▸ TRY IT
Repeat, exactly as written, the lines from the one with "Myir JUN Round" to the final line of the listing, and keep every picture out.

(Beginning of AVAILABLE DATA)

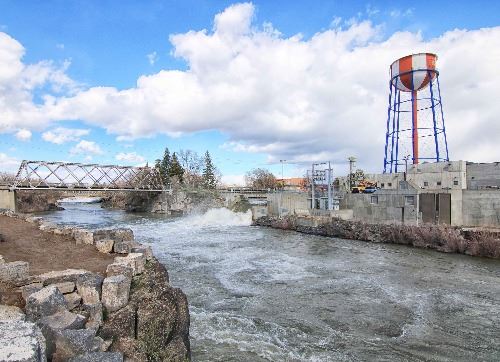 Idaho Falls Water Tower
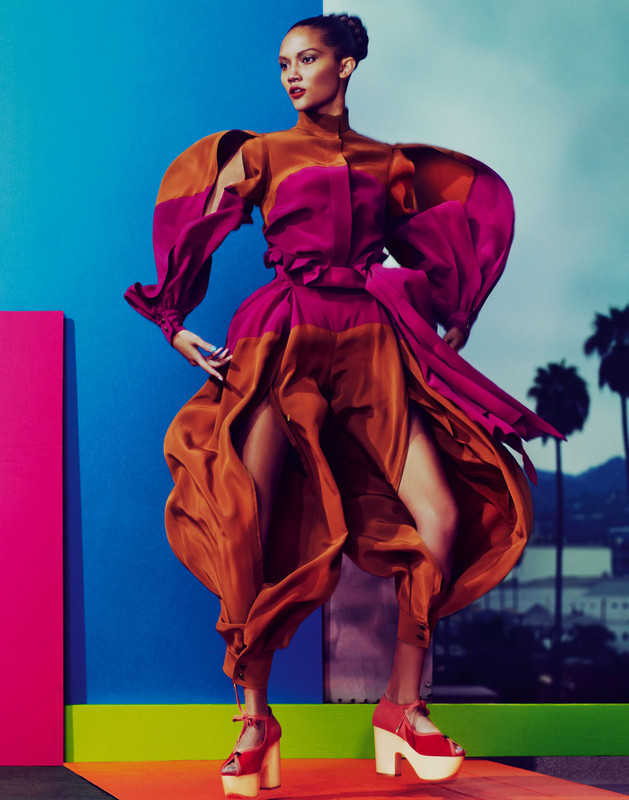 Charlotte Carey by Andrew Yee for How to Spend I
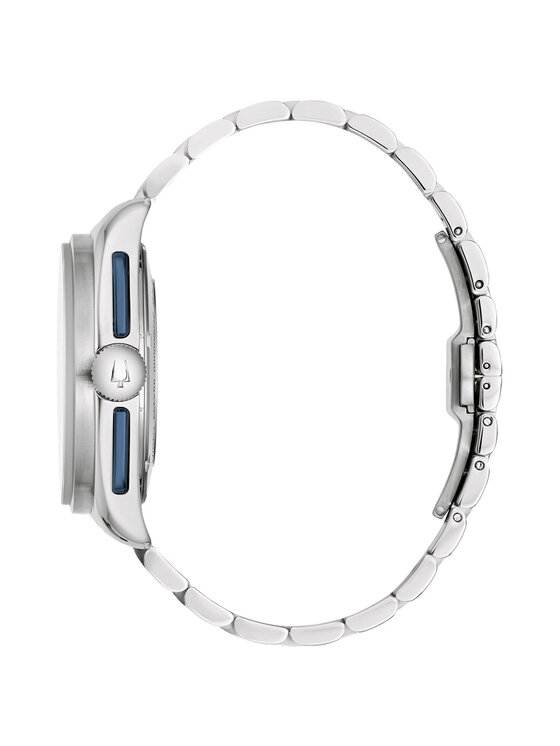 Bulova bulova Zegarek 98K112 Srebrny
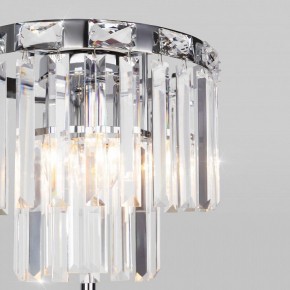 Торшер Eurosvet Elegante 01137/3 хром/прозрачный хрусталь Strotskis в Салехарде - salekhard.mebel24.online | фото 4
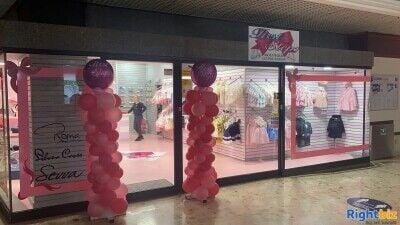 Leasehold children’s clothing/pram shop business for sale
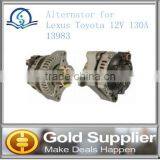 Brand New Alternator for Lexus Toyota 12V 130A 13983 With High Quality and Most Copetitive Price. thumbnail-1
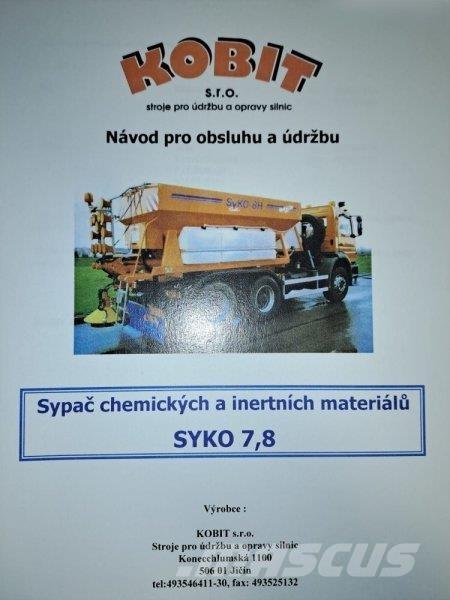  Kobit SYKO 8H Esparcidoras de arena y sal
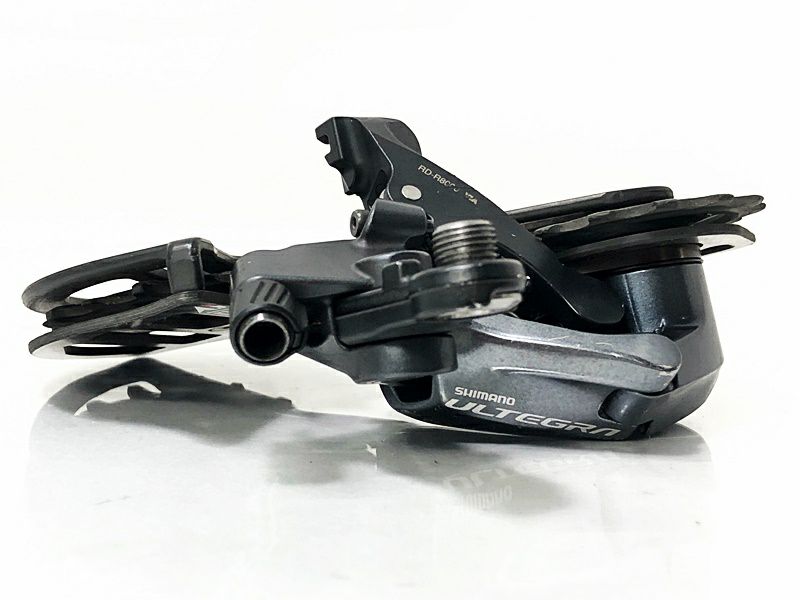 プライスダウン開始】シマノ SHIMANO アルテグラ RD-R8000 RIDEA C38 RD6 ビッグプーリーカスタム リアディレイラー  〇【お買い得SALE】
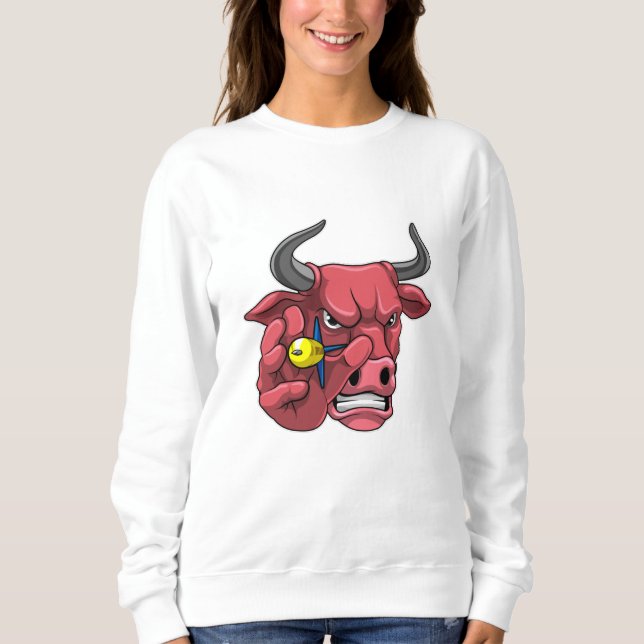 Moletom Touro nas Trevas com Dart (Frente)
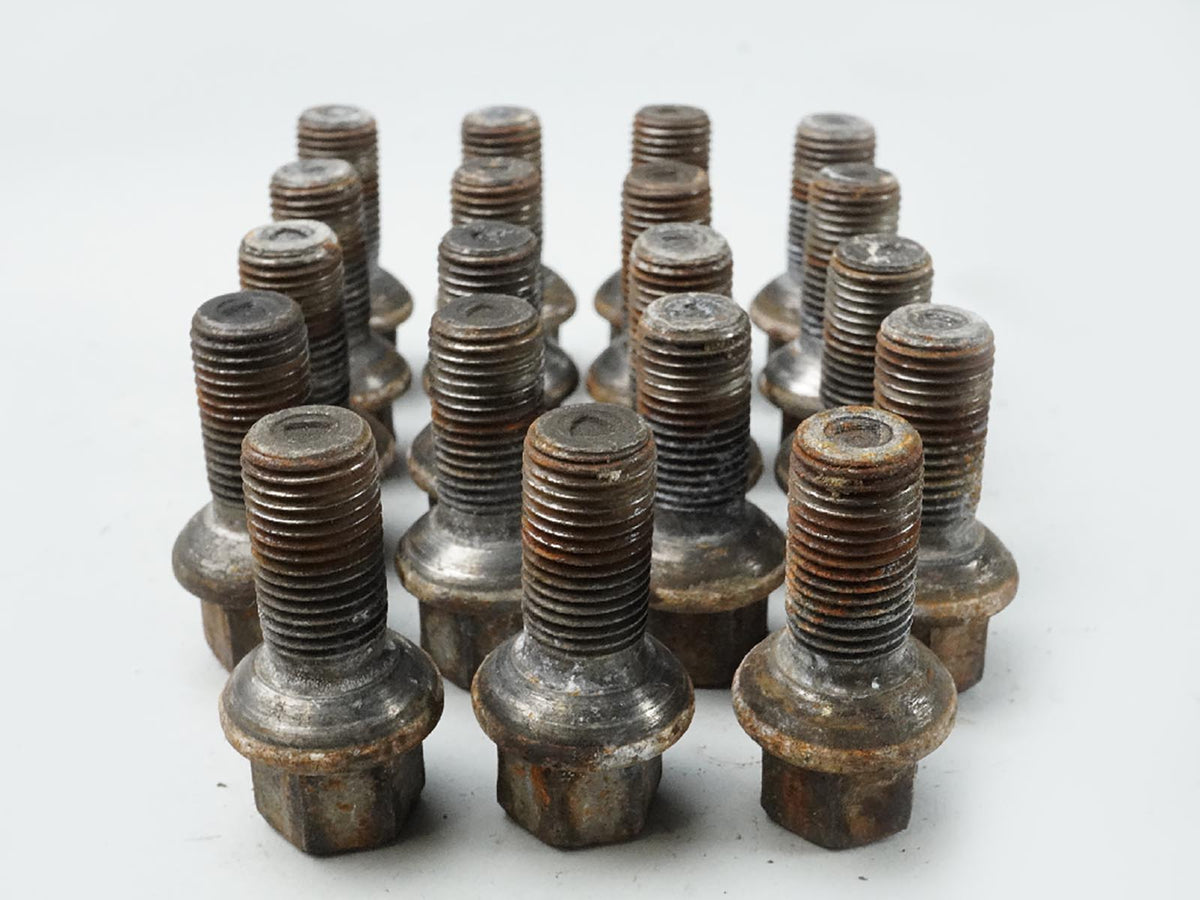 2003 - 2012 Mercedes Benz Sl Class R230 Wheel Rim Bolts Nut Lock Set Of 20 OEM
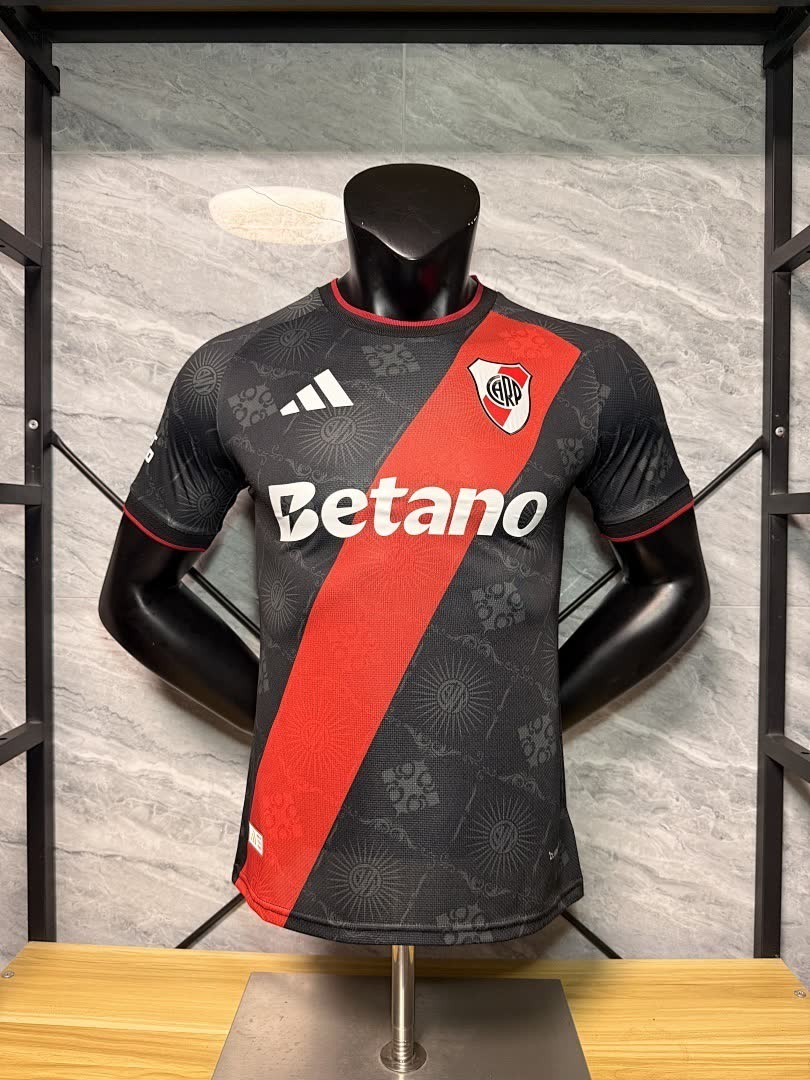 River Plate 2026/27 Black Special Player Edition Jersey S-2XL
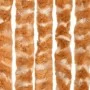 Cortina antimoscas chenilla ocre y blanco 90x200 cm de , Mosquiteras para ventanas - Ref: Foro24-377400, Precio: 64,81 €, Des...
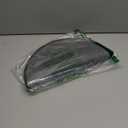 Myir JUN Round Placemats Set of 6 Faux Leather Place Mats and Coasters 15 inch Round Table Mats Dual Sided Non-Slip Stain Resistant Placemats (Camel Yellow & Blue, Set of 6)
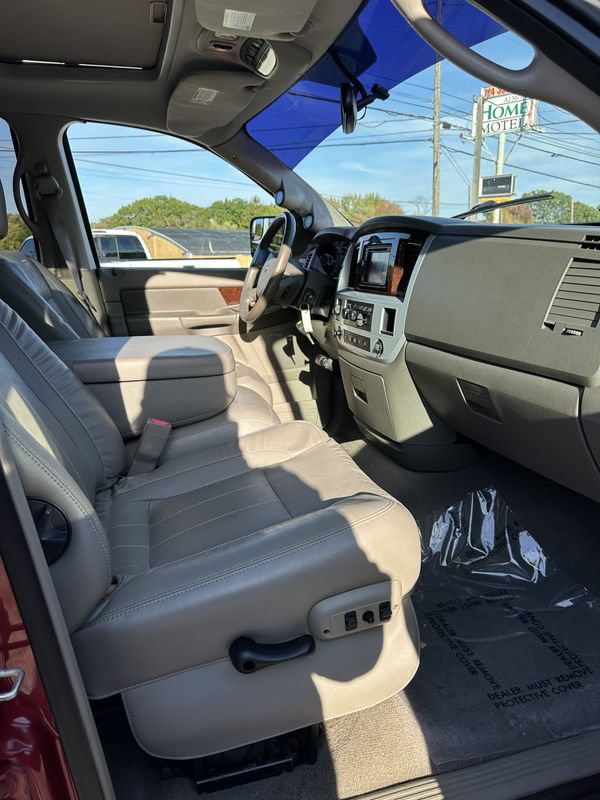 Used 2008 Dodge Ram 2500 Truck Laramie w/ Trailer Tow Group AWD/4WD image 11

(End of AVAILABLE DATA)

▸ TASK ANSWER
 Myir JUN Round Placemats Set of 6 Faux Leather Place Mats and Coasters 15 inch Round Table Mats Dual Sided Non-Slip Stain Resistant Placemats (Camel Yellow & Blue, Set of 6)
 Used 2008 Dodge Ram 2500 Truck Laramie w/ Trailer Tow Group AWD/4WD image 11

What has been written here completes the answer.